**WHAT THE TASK REQUIRES**
For the data that follows, return each line unchanged and drop the pictures.
=== DATA EXTRACT ===
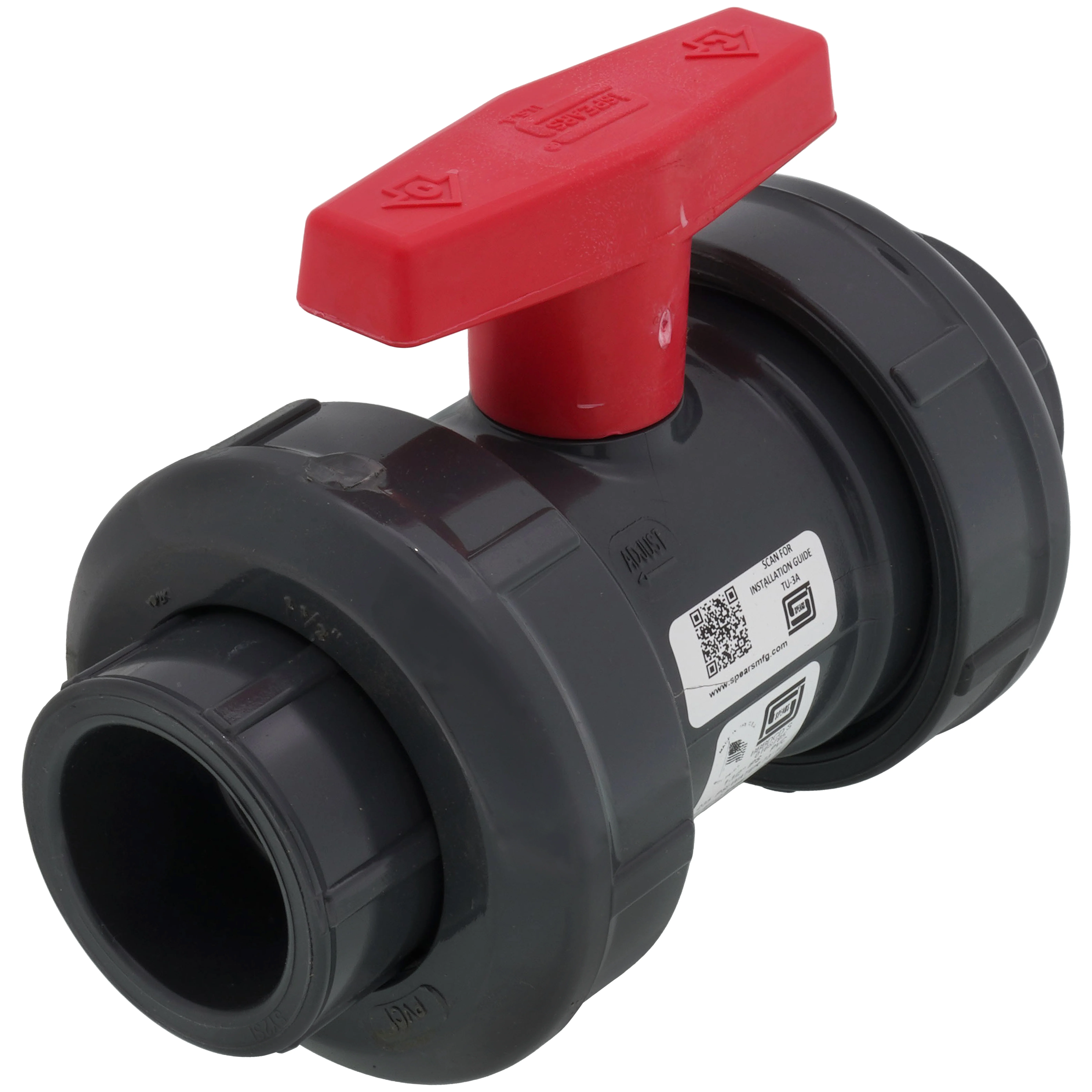 SPEARS VALVES 2329-015 Ball Valve, 1-1/2 Size, PVC, Socket x FPT, EPDM | CC8GMN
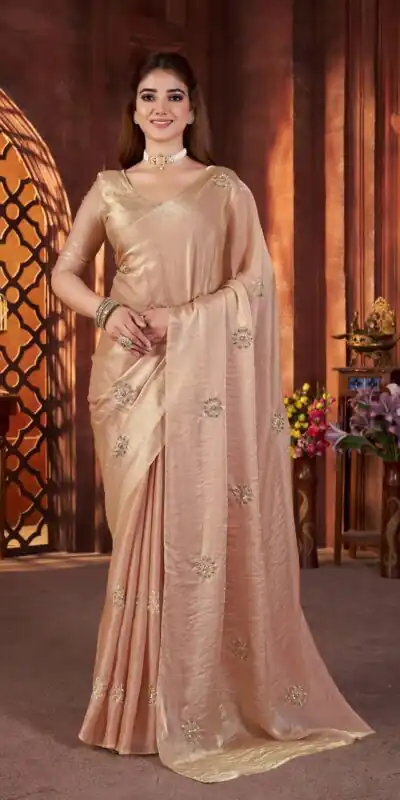 BT 3142 Cream Fandy Satin Silk Saree Perfect for Wedding, Party, Karwa Chauth, Reception, Pooja – . Festive Deal ₹1999. Delivery 4-6 Working Days. | Designer Sarees, Sarees, Bollywood Sarees, Creative Sarees, Embroidered Sarees, Ethnic Saree, Modern Digital sarees, Party Wear Sarees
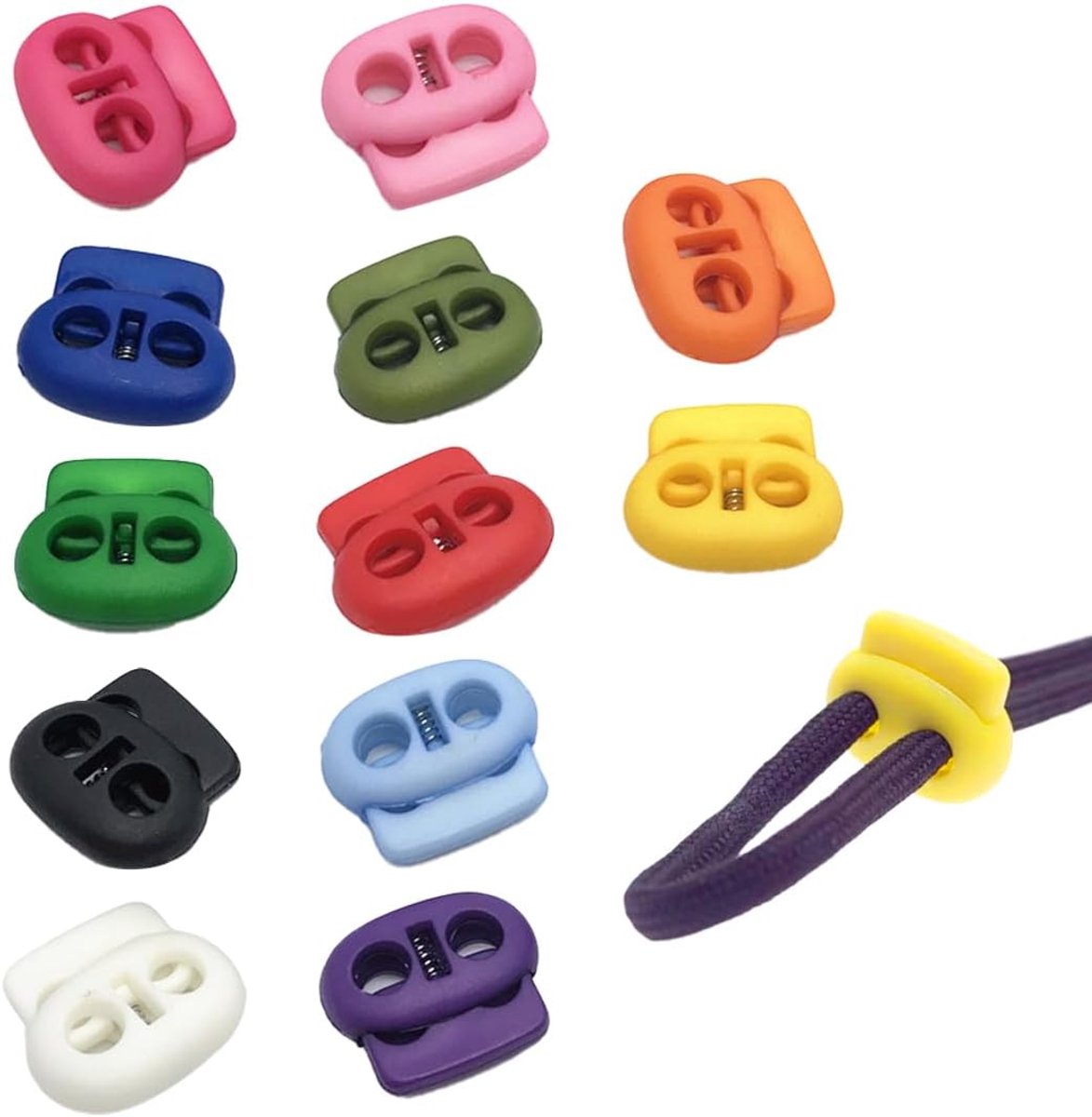 Elastische veters 12 stuks - kunststof veervetergespen - dubbel gat - ideaal voor schoenen en rugzakken - SnelShoppen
===
**OUTPUT**
 SPEARS VALVES 2329-015 Ball Valve, 1-1/2 Size, PVC, Socket x FPT, EPDM | CC8GMN
 BT 3142 Cream Fandy Satin Silk Saree Perfect for Wedding, Party, Karwa Chauth, Reception, Pooja – . Festive Deal ₹1999. Delivery 4-6 Working Days. | Designer Sarees, Sarees, Bollywood Sarees, Creative Sarees, Embroidered Sarees, Ethnic Saree, Modern Digital sarees, Party Wear Sarees
 Elastische veters 12 stuks - kunststof veervetergespen - dubbel gat - ideaal voor schoenen en rugzakken - SnelShoppen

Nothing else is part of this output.